Concentrated Solar Power being used for enhanced oil recovery

The Hathaway oil company is up to something — using concentrated solar power for enhanced oil recovery.

Natural gas has traditionally been the energy source to increase oil production. But in this case, solar power is used to generate steam, which goes downhole to loosen up the oil. But that energy can also be stored in the subsurface rocks, creating a giant geothermal battery that can run on demand.

“This technology turns existing oil wells into clean energy generators,” says John King, chief executive officer of San Diego-based Hyperlight Energy, in an interview with this writer. “The potential storage capacity could exceed the output of all the natural gas power plants in California. This technology is solar power with an on-and-off switch. We can run it for days or weeks at a time.

“The oil is not coming from an unsavory location,” King adds. “But when it runs out, there will be an established infrastructure. It is more valuable than traditional concentrated solar power. You don’t have that volume of energy storage. Using that rock completely changes what you can do. It’s the gift that keeps on giving.”

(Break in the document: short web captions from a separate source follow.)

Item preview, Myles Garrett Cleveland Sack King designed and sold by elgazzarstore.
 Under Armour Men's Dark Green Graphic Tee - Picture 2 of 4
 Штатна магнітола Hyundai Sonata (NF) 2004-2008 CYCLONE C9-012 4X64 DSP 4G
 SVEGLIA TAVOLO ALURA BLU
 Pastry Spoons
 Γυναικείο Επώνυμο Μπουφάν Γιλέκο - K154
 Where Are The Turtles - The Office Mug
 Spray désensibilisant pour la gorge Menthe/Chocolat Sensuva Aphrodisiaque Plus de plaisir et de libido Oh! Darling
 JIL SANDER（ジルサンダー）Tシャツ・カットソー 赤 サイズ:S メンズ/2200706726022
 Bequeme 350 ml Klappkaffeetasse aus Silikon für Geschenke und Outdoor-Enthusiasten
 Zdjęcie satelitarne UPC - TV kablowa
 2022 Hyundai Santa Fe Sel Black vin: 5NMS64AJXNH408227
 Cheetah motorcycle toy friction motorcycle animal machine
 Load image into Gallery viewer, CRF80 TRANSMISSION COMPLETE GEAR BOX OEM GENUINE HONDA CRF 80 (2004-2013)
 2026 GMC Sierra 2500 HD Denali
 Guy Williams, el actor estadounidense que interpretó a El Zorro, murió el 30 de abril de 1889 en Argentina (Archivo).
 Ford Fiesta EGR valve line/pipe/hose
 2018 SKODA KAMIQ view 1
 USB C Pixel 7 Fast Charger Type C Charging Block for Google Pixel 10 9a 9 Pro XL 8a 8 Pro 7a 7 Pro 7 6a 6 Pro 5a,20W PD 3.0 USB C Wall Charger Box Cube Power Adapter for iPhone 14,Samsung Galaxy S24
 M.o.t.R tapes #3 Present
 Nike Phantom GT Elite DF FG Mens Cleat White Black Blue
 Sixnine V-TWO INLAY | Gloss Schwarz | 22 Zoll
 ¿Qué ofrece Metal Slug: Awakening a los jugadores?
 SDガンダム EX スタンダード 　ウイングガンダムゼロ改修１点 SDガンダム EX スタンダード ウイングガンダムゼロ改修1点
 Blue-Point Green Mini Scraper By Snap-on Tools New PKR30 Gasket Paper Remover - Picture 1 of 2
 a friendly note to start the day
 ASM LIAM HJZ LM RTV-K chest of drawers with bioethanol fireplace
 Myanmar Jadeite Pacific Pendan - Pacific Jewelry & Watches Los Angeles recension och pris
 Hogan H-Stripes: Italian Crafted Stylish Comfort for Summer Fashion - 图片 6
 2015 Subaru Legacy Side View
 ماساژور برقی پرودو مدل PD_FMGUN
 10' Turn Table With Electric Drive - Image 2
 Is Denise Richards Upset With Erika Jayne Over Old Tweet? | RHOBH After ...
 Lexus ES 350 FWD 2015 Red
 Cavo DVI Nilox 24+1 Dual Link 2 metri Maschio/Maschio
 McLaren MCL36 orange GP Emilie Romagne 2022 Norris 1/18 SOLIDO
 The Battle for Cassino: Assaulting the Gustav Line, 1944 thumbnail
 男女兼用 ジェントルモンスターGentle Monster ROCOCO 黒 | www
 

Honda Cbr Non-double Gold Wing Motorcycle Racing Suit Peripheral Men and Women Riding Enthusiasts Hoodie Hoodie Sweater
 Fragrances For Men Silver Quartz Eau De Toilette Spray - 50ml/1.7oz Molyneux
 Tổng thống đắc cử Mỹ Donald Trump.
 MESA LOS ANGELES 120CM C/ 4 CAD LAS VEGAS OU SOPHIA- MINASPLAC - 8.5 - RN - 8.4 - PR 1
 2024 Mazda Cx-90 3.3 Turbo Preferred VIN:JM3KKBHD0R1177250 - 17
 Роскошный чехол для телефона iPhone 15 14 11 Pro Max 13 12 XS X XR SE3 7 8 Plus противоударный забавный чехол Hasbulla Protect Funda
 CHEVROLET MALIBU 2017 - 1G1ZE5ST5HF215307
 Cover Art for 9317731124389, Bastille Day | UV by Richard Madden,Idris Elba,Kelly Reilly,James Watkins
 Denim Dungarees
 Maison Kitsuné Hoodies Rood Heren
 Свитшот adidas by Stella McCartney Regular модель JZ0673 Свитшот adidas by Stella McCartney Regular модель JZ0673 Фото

Hyperlight is building its first pilot installation, called Tectonic Sun Alpha, at Hathaway’s oil site in Bakersfield, California, with seven active oil wells. It will use 6 megawatts of concentrated solar power for enhanced oil recovery. The excess energy is also stored in the rocks for months at a time. The technology is suited for sedimentary formations, spongy deposits that hold heat. About 3%-4% of enhanced oil well recovery sites across North America have this potential.

The technology purports to have an 80% capacity factor. That compares to about 33% for wind and solar, which uses batteries to store excess power. But that storage capacity releases energy in roughly four hour increments.

It’s all in the context of California’s most recent request for proposal: it is calling for 11,500 megawatts of renewable energy, including 1,000 megawatts from emerging or nascent technologies. Meanwhile, the oil industry in California comprises over 100,000 wells, according to the California Department of Conservation — sites that would be conducive to this type of dual-energy use. Once the enhanced oil recovery activity stops, the concentrated solar power plant can still send electricity to the grid.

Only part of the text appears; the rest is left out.